## [SUPPLIED ENTRIES]
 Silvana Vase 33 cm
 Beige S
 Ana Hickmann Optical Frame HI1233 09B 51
...
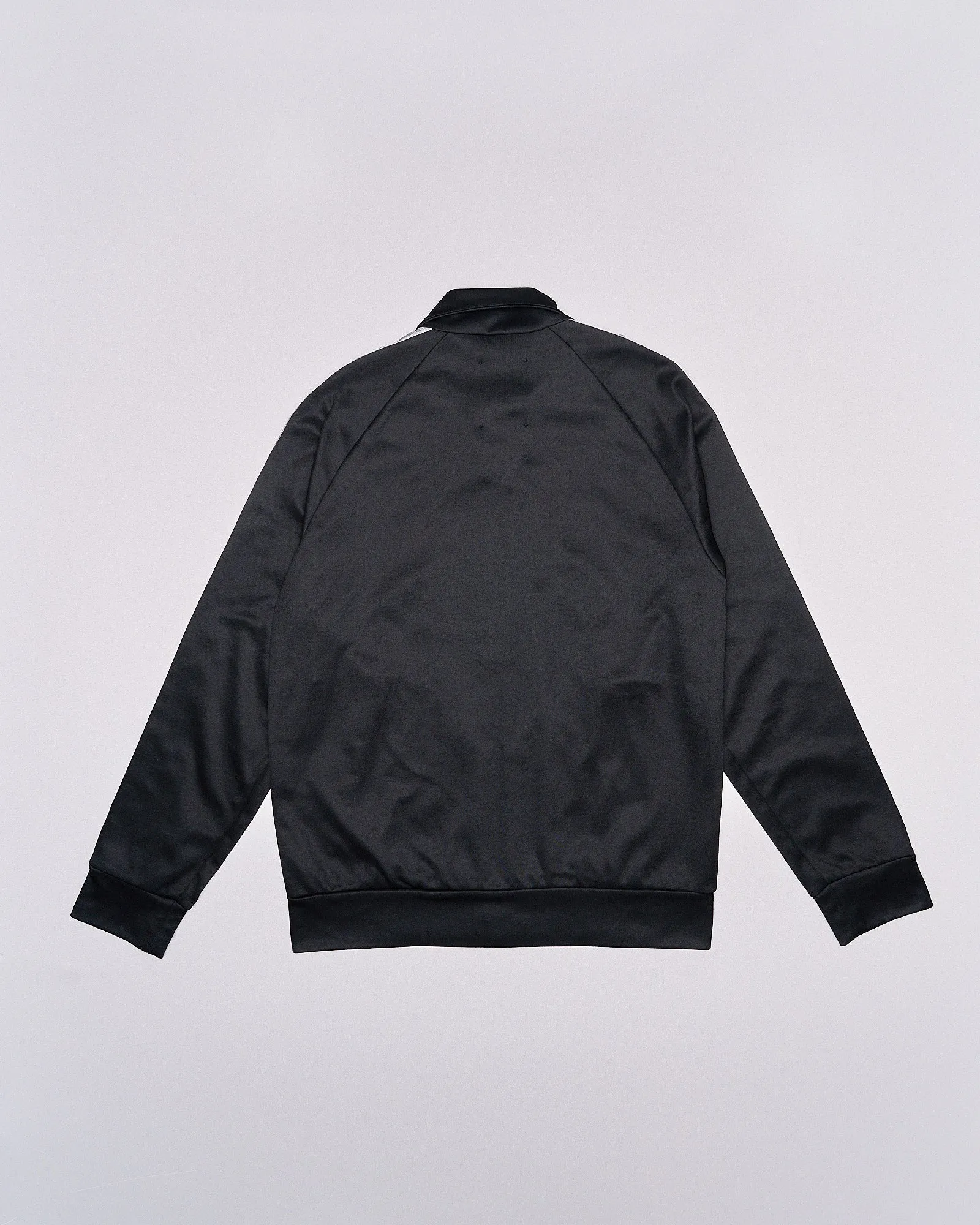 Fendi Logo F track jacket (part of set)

## [ACTIVITY]
When the line with "Silvana Vase 33 cm" is reached in the data above, start copying there, and copy each line exactly until the line with "Ana Hickmann Optical Frame HI1233 09B 51" has been copied; copy nothing else.

## [TASK SOLUTION]
 Silvana Vase 33 cm
 Beige S
 Ana Hickmann Optical Frame HI1233 09B 51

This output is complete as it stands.